**TASK REQUIREMENTS**
Print the entries exactly; skip the pictures.
[[ SOURCE MATERIAL open ]]
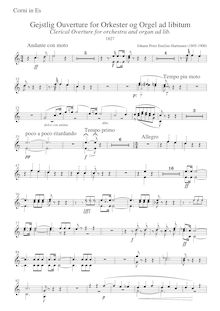 Partition cor 1/2 (E♭), Gejstlig Ouverture pour Orkester og Orgel ad libitum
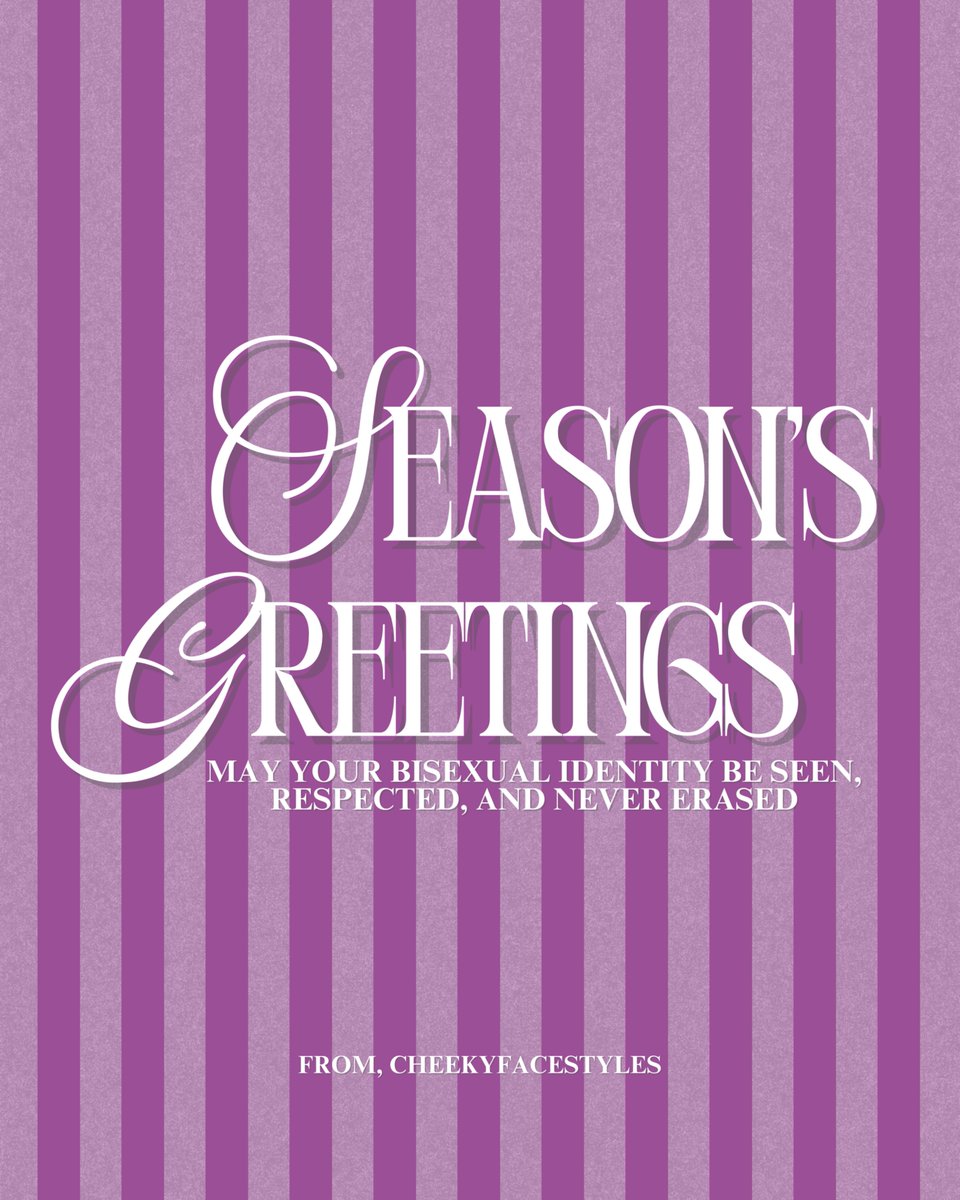 Hello_Bisexual's tweet photo. Happy holidays to the bi+ community #HappyHolidays #queer #bisexual #lgbt #lgbtq #bisexualcommunity #biplus #seasonsgreetings #MerryChristmas https://t.co/lkvDKcuX0N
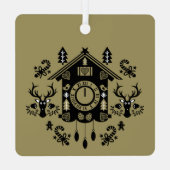 Duitse koekoekoeksklok Kerstmis Metalen Ornament (Achterkant)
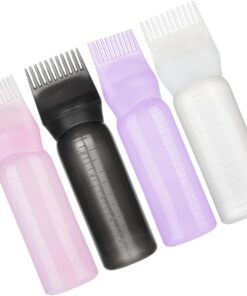 Healeved 4 pièces Flacons Applicateurs pour Teinture Cheveux avec Peigne Bouteilles Barbershop Réutilisables Légères et Portables pour Coiffeurs et Soins Capillaires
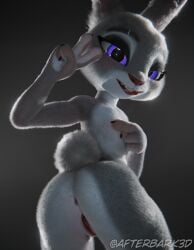 3d_(artwork) afterbark3d anthro anus biped braces breasts covering covering_breasts digital_media_(artwork) disney female female_anthro fur genitals gesture grey_body grey_fur hand_gesture hi_res humanoid_genitalia humanoid_vulva judy_hopps lagomorph leporid lips looking_at_viewer looking_back looking_back_at_viewer mammal pink_lips pink_nose purple_eyes rabbit rear_view smile smiling_at_viewer solo standing tongue tongue_out v_sign vulva white_body white_fur zootopia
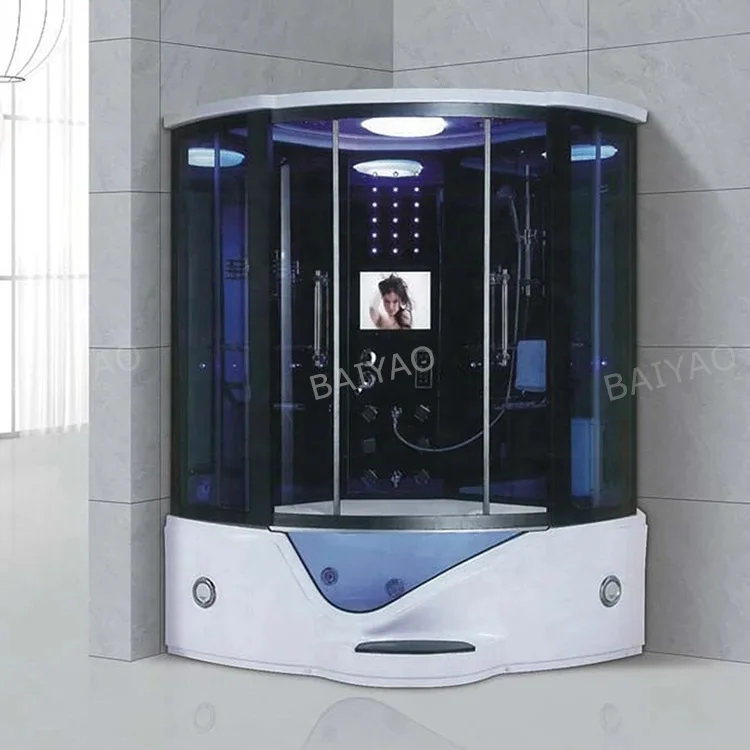 يحتوي دش غرفة البخار بأقل سعرًا على ضغط مياه قابل للتعديل من الداخل، وحوض استحمام للتدليك، ودواسات قدم خارجية لشخصين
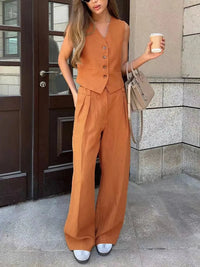 Havana Cotton Linen Wide Leg Two Piece Set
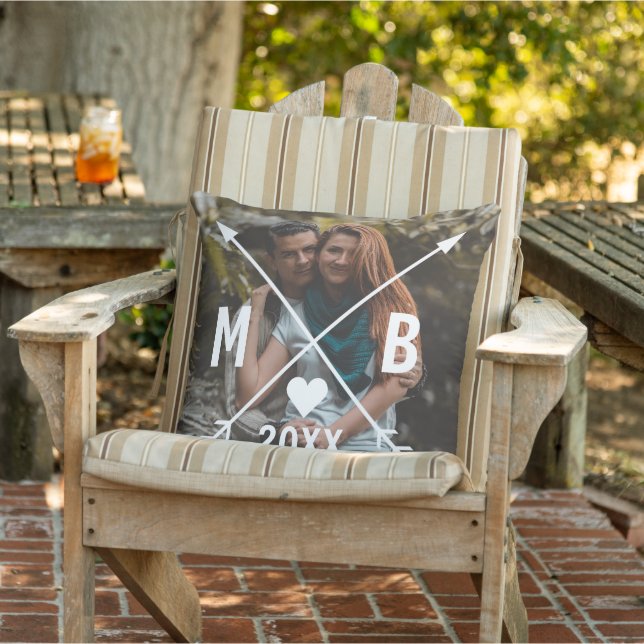 Coussin Flèches Coeur d'Amour Monogrammé Personnalisées 20 (Chaise)
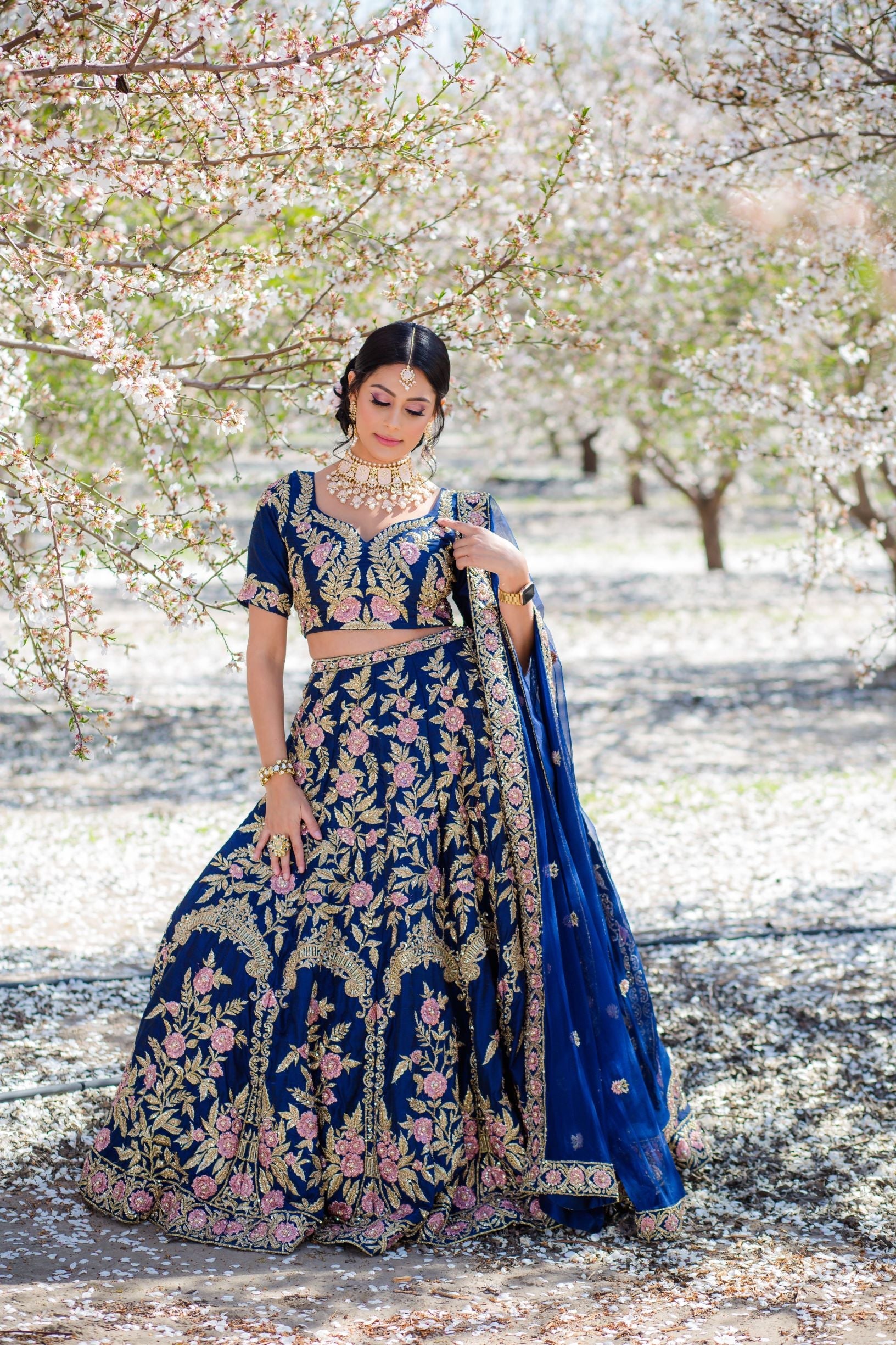 Handcrafted Royal Blue Bridal Lehenga In Blue SFINS265 – Siya Fashions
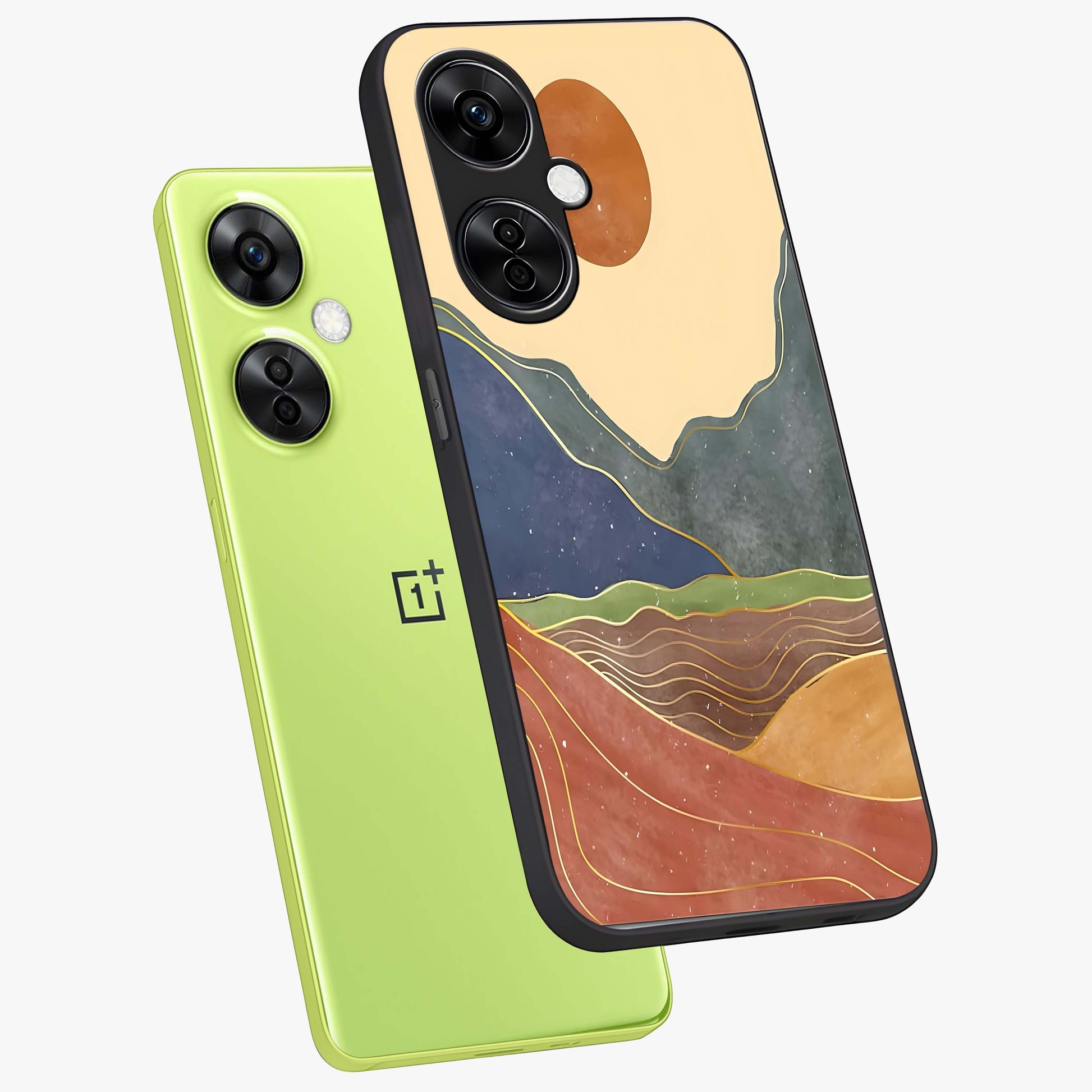 Abstract Mountain Glow Glass Case for 1+Nord CE 3 Lite angled mockup showcasing glossy glass finish and scenic gradient tones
[[ SOURCE MATERIAL closed ]]
**RESULT OF THIS EXERCISE**
 Partition cor 1/2 (E♭), Gejstlig Ouverture pour Orkester og Orgel ad libitum
 Hello_Bisexual's tweet photo. Happy holidays to the bi+ community #HappyHolidays #queer #bisexual #lgbt #lgbtq #bisexualcommunity #biplus #seasonsgreetings #MerryChristmas https://t.co/lkvDKcuX0N
 Duitse koekoekoeksklok Kerstmis Metalen Ornament (Achterkant)
 Healeved 4 pièces Flacons Applicateurs pour Teinture Cheveux avec Peigne Bouteilles Barbershop Réutilisables Légères et Portables pour Coiffeurs et Soins Capillaires
 3d_(artwork) afterbark3d anthro anus biped braces breasts covering covering_breasts digital_media_(artwork) disney female female_anthro fur genitals gesture grey_body grey_fur hand_gesture hi_res humanoid_genitalia humanoid_vulva judy_hopps lagomorph leporid lips looking_at_viewer looking_back looking_back_at_viewer mammal pink_lips pink_nose purple_eyes rabbit rear_view smile smiling_at_viewer solo standing tongue tongue_out v_sign vulva white_body white_fur zootopia
 يحتوي دش غرفة البخار بأقل سعرًا على ضغط مياه قابل للتعديل من الداخل، وحوض استحمام للتدليك، ودواسات قدم خارجية لشخصين
 Havana Cotton Linen Wide Leg Two Piece Set
 Coussin Flèches Coeur d'Amour Monogrammé Personnalisées 20 (Chaise)
 Handcrafted Royal Blue Bridal Lehenga In Blue SFINS265 – Siya Fashions
 Abstract Mountain Glow Glass Case for 1+Nord CE 3 Lite angled mockup showcasing glossy glass finish and scenic gradient tones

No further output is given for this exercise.